**Provided information**
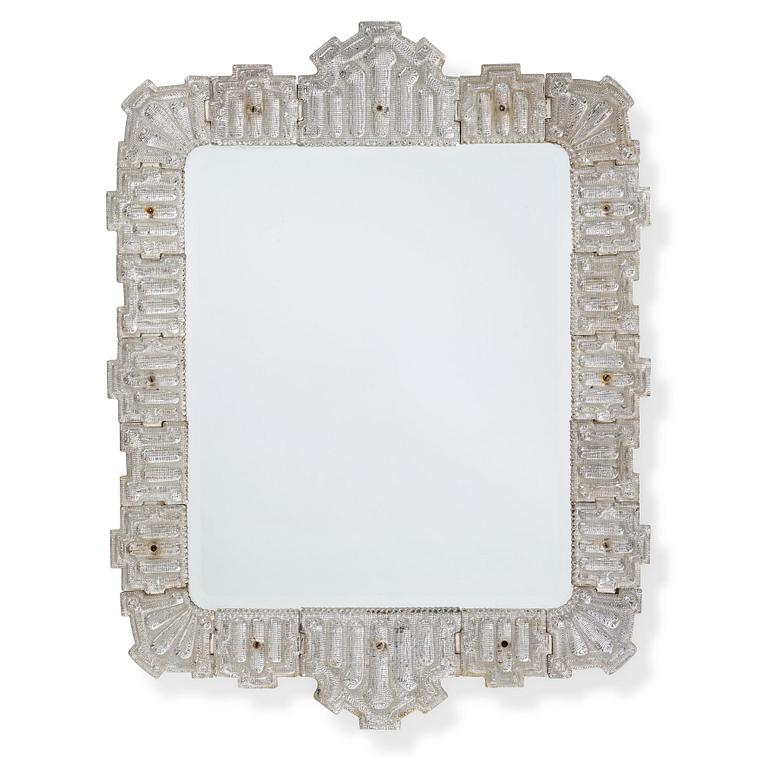 Carl Fagerlund Attributed to, A Swedish Moderna glass framed wall mirror, Orrefors, Sweden 1940's.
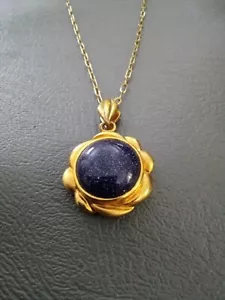 Vintage Signed Badavici Gold Tone Sterling Silver Goldstone Pendant Necklace 18" - Picture 1 of 3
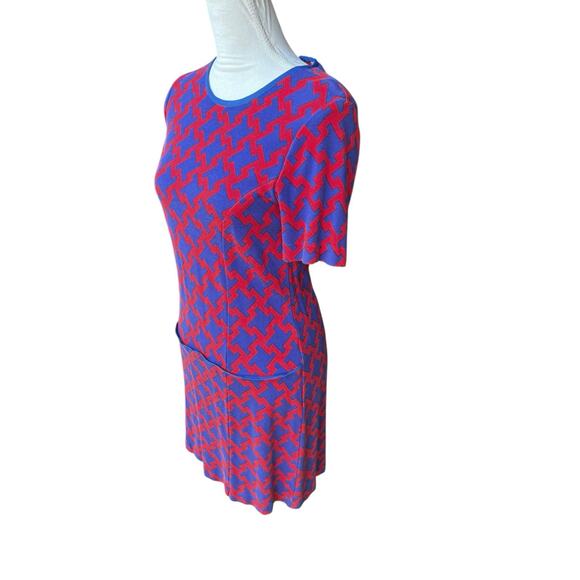 Anthropologie / Karen Walker Navy Red Houndstooth Drop Waist Mini Dress - 6 - Picture 4 of 8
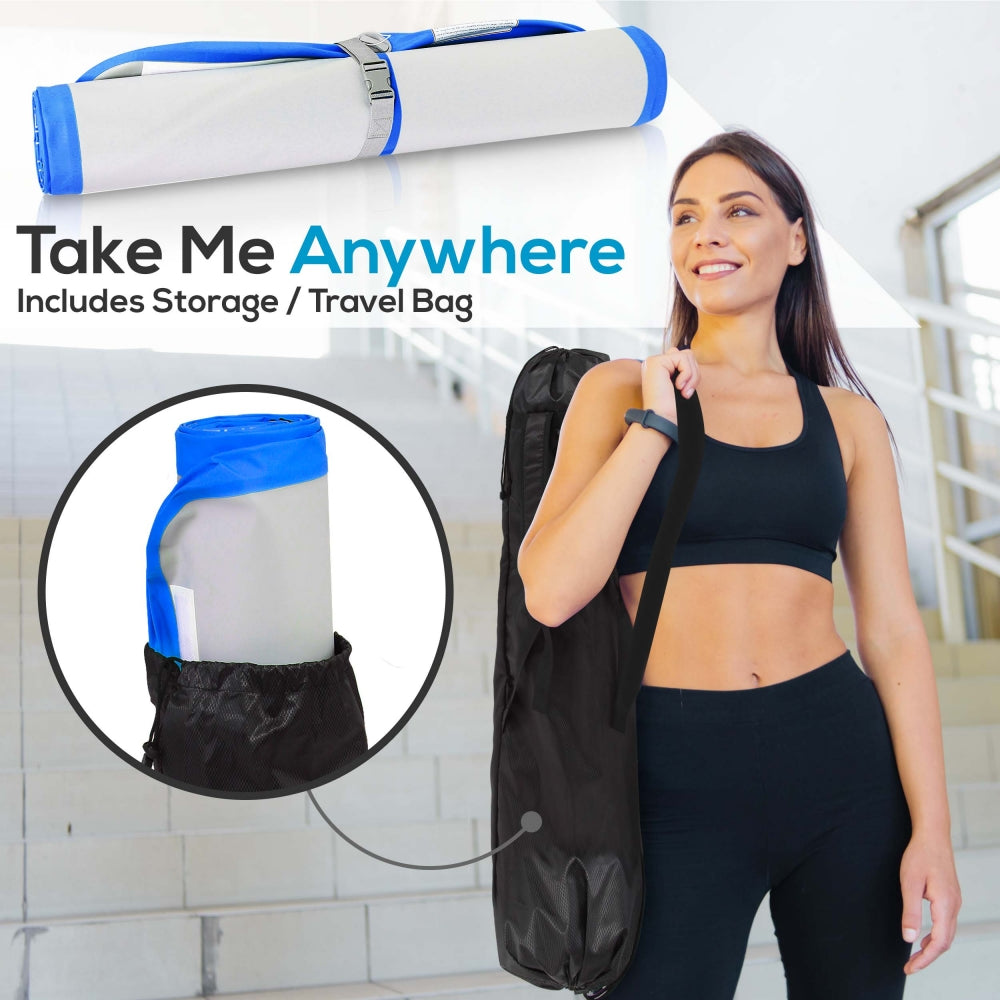 Inflatable Gymnastics Mat - Bouncy, Durable PVC, 13 Ft, Blue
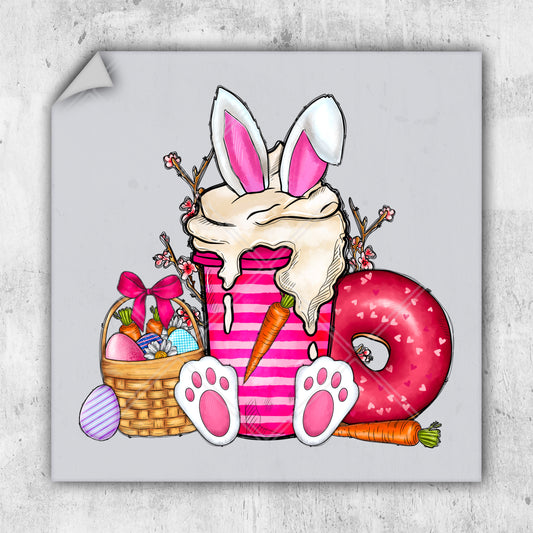 a drawing of a bunny holding a candle surrounded by easter decorations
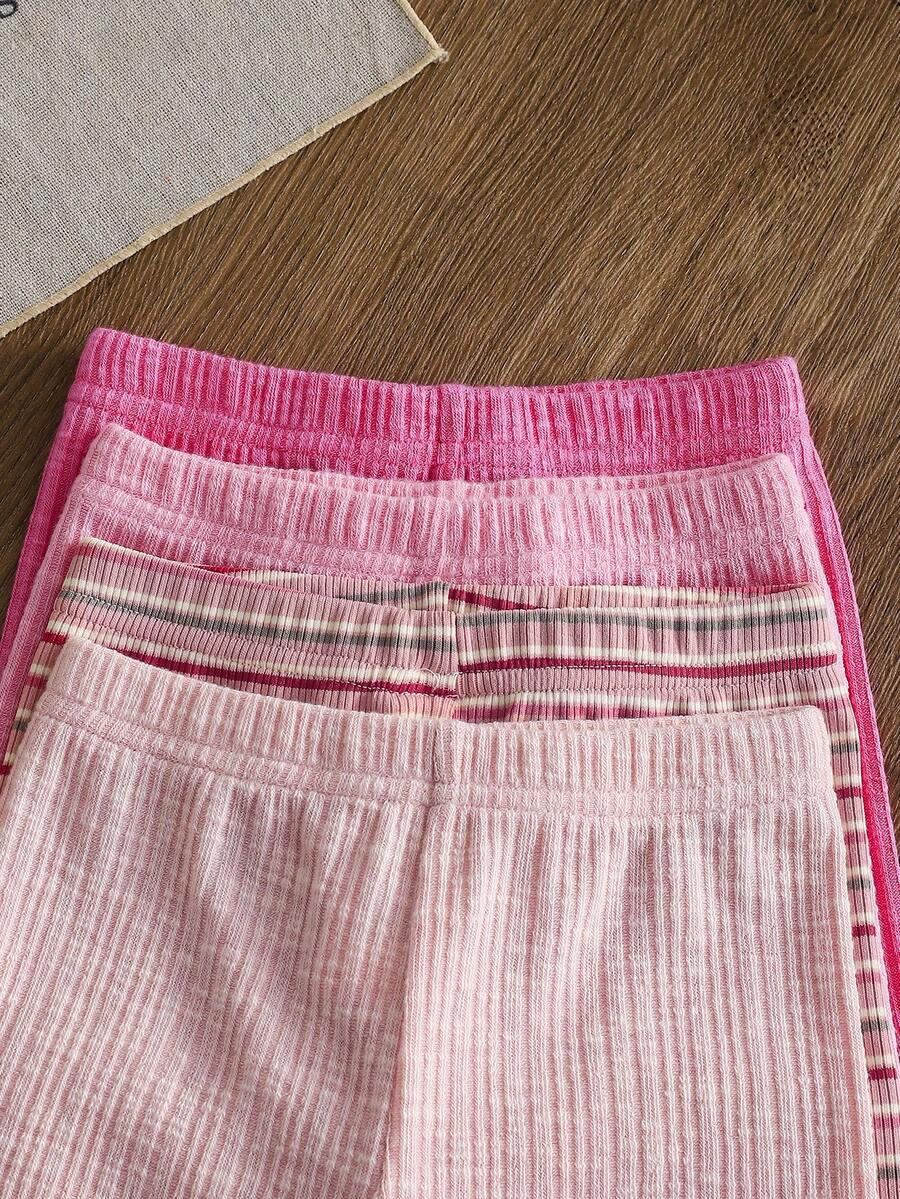8-Piece Multi-Color Ribbed Short Sleeve Top and Shorts Set for Baby Girls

**What is being asked**
The line containing "Anthropologie / Karen" and every line after it, through the end of the data, are to be output exactly. Omit the pictures.

**Output for this task**
 Anthropologie / Karen Walker Navy Red Houndstooth Drop Waist Mini Dress - 6 - Picture 4 of 8
 Inflatable Gymnastics Mat - Bouncy, Durable PVC, 13 Ft, Blue
 a drawing of a bunny holding a candle surrounded by easter decorations
8-Piece Multi-Color Ribbed Short Sleeve Top and Shorts Set for Baby Girls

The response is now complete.